Eccezioni riconosciute: dimissioni, pensionamenti e riduzioni

L’agevolazione, comunque, viene riconosciuta pur se l’incremento non si è realizzato perché nel periodo sotto osservazione si sono resi vacanti posti di lavoro per:

  • Dimissioni volontarie che oggi, a mio avviso, comprendono anche le dimissioni per fatti concludenti di cui all’art. 19 della legge n. 203/2024 e quelle convalidate avanti ad un funzionario dell’Ispettorato territoriale del Lavoro, come postulato dal D.L.vo n. 151/2001. La norma non parla delle risoluzioni consensuali per le quali la procedura telematica per la effettiva validità è la stessa prevista dal D.M. attuativo dell’art. 26 del D.L.vo n. 151/2015 per le dimissioni volontarie, fatto salvo il caso che siano rese avanti alla commissione provinciale di conciliazione istituita presso ogni Ispettorato territoriale del Lavoro, a conclusione della procedura obbligatoria prevista dall’art. 7 della legge n. 604/1966;
  • Invalidità;
  • Pensionamento per raggiunti limiti di età, dizione che, a mio avviso, comprende anche forme di pensionamento anticipato (quota 103, opzione donna, ape sociale, lavori usuranti, ecc.) previste dall’ordinamento al raggiungimento di una certa età ed un certo numero di versamenti contributivi;
  • Riduzione volontaria dell’orario di lavoro realizzabile attraverso accordi di trasformazione dei rapporti da tempo pieno a tempo parziale, come previsto dall’art. 8 del D.L.vo n. 81/2015;
  • Licenziamento per giusta causa.

Requisiti di sostituzione e casi esclusi

I lavoratori licenziati per giustificato motivo oggettivo e quelli a seguito di procedura collettiva di riduzione di personale nel rispetto delle previsioni contenute negli articoli 4, 5 e 24 della legge n. 223/1991, ai fini della fruizione del beneficio, vanno rimpiazzati.

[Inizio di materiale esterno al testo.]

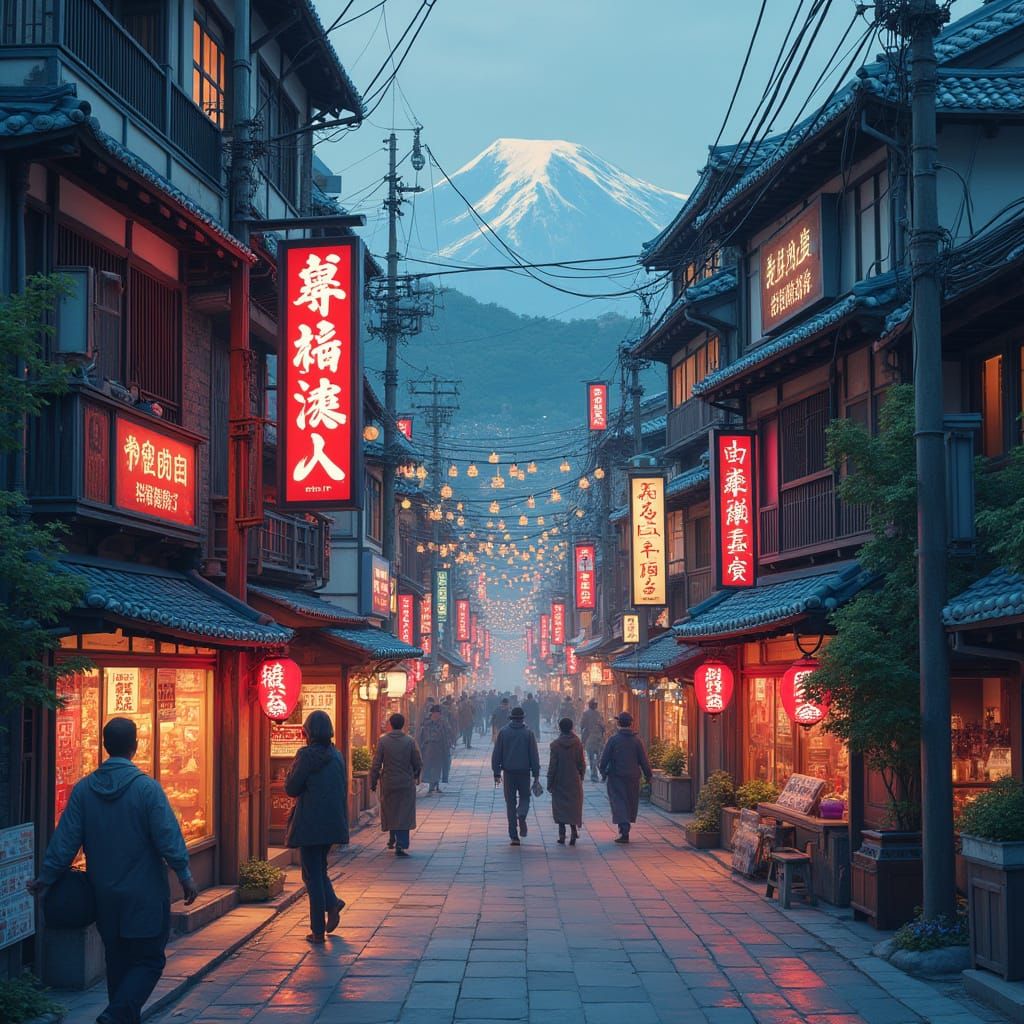 Kyoto Streets in Ash Thorp and Loish Inspired Style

Dalla casistica generale la circolare n. 90 esclude quelli per inabilità al lavoro (art. 42 del D.L.vo n. 81/2008) e per superamento del periodo di comporto (art. 2110 c.c.) che, seppur catalogabili, sia pure con qualche perplessità, almeno per quello che è motivato dal superamento del periodo di comporto, all’interno del licenziamento per giustificato motivo oggettivo, hanno la propria ragion d’essere in altre cause specifiche.

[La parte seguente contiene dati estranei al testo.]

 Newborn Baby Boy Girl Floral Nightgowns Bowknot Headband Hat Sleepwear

Determinazione dell’incremento nei contratti di somministrazione

Nei contratti di somministrazione ove il beneficio viene girato dall’Agenzia all’azienda utilizzatrice del lavoratore somministrato, la valutazione dell’incremento occupazionale netto, va effettuata in capo a quest’ultima, come ben specificato dal Ministero del Lavoro con la risposta all’interpello n. 3/2018. Questo, a mio avviso, non è un problema secondario, atteso che l’Agenzia, mentre invia in missione il lavoratore assunto a tempo indeterminato, dovrebbe acquisire, quanto meno, una dichiarazione del datore di lavoro utilizzatore relativa all’incremento occupazionale netto che si verifica con quella somministrazione a termine.